Mad White Giant
- First edition
- Author: Benedict Allen
- Language: English
- Genre: adventure
- Publisher: MacMillan (UK,1985) Flamingo (1992) Faber and Faber (2002)
- Publication date: 1985
- Publication place: United Kingdom
- Media type: Print (paperback and hardback)
- Pages: 256
- ISBN: 978-0-571-20617-9
- OCLC: 48932697

= Mad White Giant =

1985 semi-autobiographical adventure novel by Benedict Allen

Mad White Giant: A Journey to the Heart of the Amazon Jungle is a 1985 semi-autobiographical adventure novel by British explorer and author Benedict Allen. It details Allen's travels between the mouths of the Orinoco and the Amazon rivers. In the United States, the novel was published under the title Who Goes Out In The Midday Sun?

==Plot==
Mad White Giant begins with Allen recounting the role of Amazonia in his childhood fantasies. The novel then describes the author's travels between the Orinoco and the Amazon rivers, a trip of over 1500 miles. During his travels, he befriends natives who refer to him as "Mad White Giant", or by his preferred nickname Louco Benedito.

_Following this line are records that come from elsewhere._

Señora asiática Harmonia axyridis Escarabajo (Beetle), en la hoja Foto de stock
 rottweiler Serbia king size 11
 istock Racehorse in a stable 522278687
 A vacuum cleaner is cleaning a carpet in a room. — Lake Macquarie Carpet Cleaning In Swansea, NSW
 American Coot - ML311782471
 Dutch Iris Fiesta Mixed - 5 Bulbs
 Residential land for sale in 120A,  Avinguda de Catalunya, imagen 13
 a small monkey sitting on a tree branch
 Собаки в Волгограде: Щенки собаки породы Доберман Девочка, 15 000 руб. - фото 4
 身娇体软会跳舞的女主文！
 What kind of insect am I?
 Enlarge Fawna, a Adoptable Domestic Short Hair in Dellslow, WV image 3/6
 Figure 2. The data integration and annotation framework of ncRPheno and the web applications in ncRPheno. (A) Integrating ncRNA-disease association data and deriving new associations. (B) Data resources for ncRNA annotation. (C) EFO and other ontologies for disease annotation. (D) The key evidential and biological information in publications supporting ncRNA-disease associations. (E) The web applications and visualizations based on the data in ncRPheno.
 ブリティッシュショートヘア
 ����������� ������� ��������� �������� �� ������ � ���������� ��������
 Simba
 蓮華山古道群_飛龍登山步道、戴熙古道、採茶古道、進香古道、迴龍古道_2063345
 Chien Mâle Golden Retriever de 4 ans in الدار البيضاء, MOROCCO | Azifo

Allen is later abandoned by his two Carib companions, Yepe and Pim, who go to work for Brazilian miners. Allen also adopts a dog, named Cashoe (meaning 'dog' in one of the Indian dialects), whose actions capsize Allen's canoe and leave him stranded in the Amazonian jungle. After a grueling period of starvation, recounted as a series of diary entries (actually written in one sitting), Allen decides to shoot and eat Cashoe to survive.

==Reception==
The publication of Mad White Giant was greeted with some controversy. Allen was visited by two RSPCA inspectors who inquired about the welfare of his family pets. Several commentators doubted that Allen could have travelled his reported route within three months, leading to the cancellation of a lecture he was to give to the Royal Geographical Society. Allen admits that Mad White Giant is "unreliable" in terms of factual detail, a deliberate bid to distance his novel from the traditional travelogue genre. He also attributes any potential inaccuracies to the loss of his notes in a canoe capsizing, and in changes made to protect a travelling companion. Allen stated of his novel's integrity:

I think of myself as a very truthful person and it upsets me if people think I'm a fraud. The book wasn't meant to be a scientific document. It was an adventure story which veiled an angry cry against what the white man has done and how we are going about exploiting these places. [...] I felt I was being criticised for writing about a very real journey as if it was a standard travelogue, which it quite clearly wasn't.

Douglas Ivison considers Mad White Giant to be written "within a tradition of British writing, in which boys had to venture out to the colonies in order to learn to become men." He further argues, however, that Allen achieves a "transcendence" that distances his writing from the "imperialist and capitalist, even patriarchal, discourses in which it is embedded."